Some of you are no doubt wondering why this post isn’t on my other blog, A Space About Books About Space, as that would seem better suited to the topic. But I wanted to drag the news about the X-37B into the ongoing series of whinges I’ve posted here about realism in space-based science fiction. If it feels like I’m going on and on and on about this, it’s because a) I find the nuts and bolts of it all fascinating, and b) I think there’s plenty of opportunity in it for science fiction to do something interesting.

Which is not to say that I completely repudiate space opera and all that fanciful magic tech you find in most space-based science fiction. Yes, yes, I know: they’re literary devices. But the problem with literary devices is that they quickly become set-dressing. And then before you know it, they’re being used all over the place without any real thought for how they ought to be deployed. And, you know, sf has been doing that sort of thing for eighty years, so perhaps it’s time to try something a little different. Not that realistic space-based sf – or, as I call it, “spacecore” – has never been done before. You have everything from Jeff Sutton’s First On The Moon to Ben Bova’s Grand Tour series of novels. And plenty in between. For me, however, the two touchstones are Jed Mercurio’s Ascent and the BBC television series Space Odyssey.

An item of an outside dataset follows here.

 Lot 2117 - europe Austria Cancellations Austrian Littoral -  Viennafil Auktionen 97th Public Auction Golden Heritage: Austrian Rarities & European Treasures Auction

More by accident than by design, I’ve been quite faithful in my own short fiction. My Euripidean Space stories (see here) may feature a mysterious alien sentinel loose in the Solar system, but otherwise treat space and space travel realistically. And my story in Postscripts 20/21, ‘Killing the Dead’ (see here), was set aboard a generation starship – so no fancy bending of the laws of physics there. I did say a couple of months ago that I was going to try writing a genre heartland sf story, with FTL and aliens and all the space opera trappings. But I couldn’t do it. One turned into a slower-than-light story, and the other ended up as a UK-based anti-capitalist tale.

Of course, not every sf story idea is suitable for either space opera or spacecore. But at the very least focusing on the mechanics and physics of space travel should prevent writers from writing skiffy – ie, sf stories that don’t really need to be sf. You know the sort I mean: the space destroyer and her noble captain, re-fighting WWII in outer space. I think they call it “military sf”… Recognising that space is not just the blank stuff between plot points can only help concretize the sfnal elements of a story, can only lead to a story which will only work in the setting invented for it.

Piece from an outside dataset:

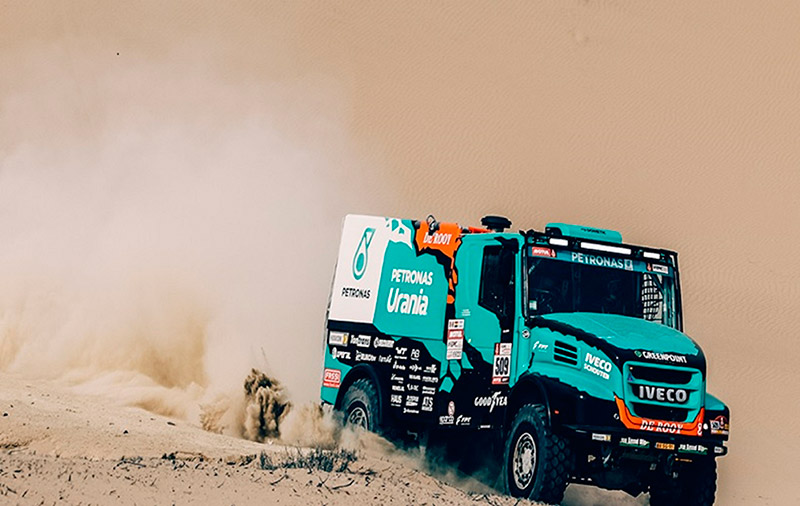 Caminhão bicudo da Iveco é pódio da segunda etapa do Rally Dakar 2018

These days, no sf writer has an excuse for not making an effort – all the information you need is at your fingertips. Everything you could possibly want to know, about everything from the interstellar medium to star maps to the Pioneer Anomaly, can be found somewhere on the Internet. And all those spacecraft I mentioned earlier? There’s plenty of info on those to be found online too. You can get a very real idea of exactly what is required for travelling or living in space.

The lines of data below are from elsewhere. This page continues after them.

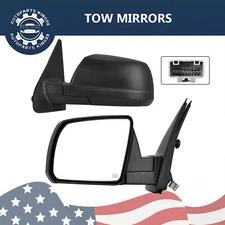 Pair Power Heated Mirrors for 2007 - 2013 Toyota Tundra Side View Mirrors Puddle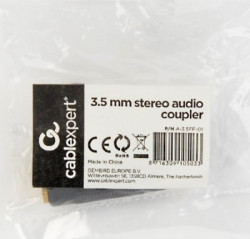 Gembird 3.5 mm stereo audio coupler-nastavak zensko-zenski A-3.5FF-01 - Img 2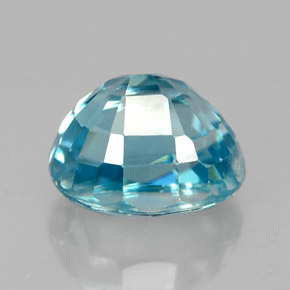 Circón azul natural de 2,92 ct, corte óvalo, VS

There are too many monsters in science fiction these days. It sort of takes the science out of it. Shine a spotlight on the hardware, on the physics required for all to work, and we might get back to the sort of sf that inspired generations of scientists and engineers. It’ll be optimistic too. It’s the nature of the material.

And, it goes without saying, there’s more than enough wonder for everyone.